> [SOURCE MATERIAL]
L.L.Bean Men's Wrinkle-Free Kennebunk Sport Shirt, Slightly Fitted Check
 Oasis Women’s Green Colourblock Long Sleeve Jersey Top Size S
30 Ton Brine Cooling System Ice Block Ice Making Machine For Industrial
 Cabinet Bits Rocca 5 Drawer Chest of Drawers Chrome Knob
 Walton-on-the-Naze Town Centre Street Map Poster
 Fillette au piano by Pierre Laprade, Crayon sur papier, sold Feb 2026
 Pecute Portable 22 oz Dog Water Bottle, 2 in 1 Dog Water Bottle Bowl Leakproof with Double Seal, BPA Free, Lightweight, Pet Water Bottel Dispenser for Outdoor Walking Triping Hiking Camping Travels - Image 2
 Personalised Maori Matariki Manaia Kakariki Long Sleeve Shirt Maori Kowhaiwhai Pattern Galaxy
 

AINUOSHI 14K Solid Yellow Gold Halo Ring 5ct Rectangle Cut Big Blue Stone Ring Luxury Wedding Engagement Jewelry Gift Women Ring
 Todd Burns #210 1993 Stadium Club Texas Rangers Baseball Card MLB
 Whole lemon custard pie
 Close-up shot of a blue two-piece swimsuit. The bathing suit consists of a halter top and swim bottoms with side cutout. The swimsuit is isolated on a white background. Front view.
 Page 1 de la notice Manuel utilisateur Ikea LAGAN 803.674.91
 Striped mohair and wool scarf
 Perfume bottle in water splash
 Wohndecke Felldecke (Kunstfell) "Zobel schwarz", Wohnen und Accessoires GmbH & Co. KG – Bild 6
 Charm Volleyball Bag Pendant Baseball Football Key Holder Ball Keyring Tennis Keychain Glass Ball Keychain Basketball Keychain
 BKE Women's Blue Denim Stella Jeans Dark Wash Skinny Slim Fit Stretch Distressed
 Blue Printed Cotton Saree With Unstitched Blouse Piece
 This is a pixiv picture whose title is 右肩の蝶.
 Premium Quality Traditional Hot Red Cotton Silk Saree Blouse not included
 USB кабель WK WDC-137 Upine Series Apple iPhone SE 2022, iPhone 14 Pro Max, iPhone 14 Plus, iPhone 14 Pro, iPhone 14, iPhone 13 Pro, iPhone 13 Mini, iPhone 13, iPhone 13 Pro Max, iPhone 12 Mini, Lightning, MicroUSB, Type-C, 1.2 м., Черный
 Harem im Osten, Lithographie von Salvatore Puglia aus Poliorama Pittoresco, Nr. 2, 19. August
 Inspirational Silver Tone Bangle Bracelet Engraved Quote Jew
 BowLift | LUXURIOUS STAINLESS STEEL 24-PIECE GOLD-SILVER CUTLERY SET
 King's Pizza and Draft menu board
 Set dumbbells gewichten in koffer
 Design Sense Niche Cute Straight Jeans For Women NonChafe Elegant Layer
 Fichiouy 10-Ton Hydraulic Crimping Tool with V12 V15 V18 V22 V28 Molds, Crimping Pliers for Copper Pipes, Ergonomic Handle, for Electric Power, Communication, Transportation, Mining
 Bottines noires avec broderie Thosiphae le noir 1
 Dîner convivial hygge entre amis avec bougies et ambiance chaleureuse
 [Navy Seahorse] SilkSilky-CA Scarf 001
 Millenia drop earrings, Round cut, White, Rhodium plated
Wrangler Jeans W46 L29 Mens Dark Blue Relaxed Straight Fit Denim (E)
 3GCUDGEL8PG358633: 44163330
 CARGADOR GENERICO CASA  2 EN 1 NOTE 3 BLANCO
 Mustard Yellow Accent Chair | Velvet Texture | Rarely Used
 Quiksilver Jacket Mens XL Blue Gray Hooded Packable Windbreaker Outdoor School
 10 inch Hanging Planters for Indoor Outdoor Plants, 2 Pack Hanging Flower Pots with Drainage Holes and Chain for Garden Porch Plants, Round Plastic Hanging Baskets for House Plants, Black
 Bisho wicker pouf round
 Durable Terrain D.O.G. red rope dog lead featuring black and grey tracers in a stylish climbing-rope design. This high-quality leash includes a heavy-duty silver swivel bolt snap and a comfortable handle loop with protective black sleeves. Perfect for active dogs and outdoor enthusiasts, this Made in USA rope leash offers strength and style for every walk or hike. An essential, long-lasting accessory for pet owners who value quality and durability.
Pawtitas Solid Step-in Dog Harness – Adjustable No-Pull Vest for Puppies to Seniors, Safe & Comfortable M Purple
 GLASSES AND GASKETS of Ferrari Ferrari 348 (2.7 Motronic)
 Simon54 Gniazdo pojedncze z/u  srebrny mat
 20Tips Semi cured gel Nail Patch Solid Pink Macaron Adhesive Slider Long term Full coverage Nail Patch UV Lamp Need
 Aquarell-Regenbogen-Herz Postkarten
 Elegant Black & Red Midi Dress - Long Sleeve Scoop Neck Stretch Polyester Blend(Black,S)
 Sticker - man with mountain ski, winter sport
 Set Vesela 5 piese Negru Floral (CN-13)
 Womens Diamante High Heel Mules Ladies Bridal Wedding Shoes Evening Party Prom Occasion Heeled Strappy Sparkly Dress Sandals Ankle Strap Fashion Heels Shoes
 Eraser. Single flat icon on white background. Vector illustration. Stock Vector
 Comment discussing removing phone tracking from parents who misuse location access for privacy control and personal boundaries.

> [INSTRUCTIONS TO FOLLOW] Whenever the word "Elegant" appears in a line above, copy that line.

> [RESPONSE AREA]
 Design Sense Niche Cute Straight Jeans For Women NonChafe Elegant Layer
 Elegant Black & Red Midi Dress - Long Sleeve Scoop Neck Stretch Polyester Blend(Black,S)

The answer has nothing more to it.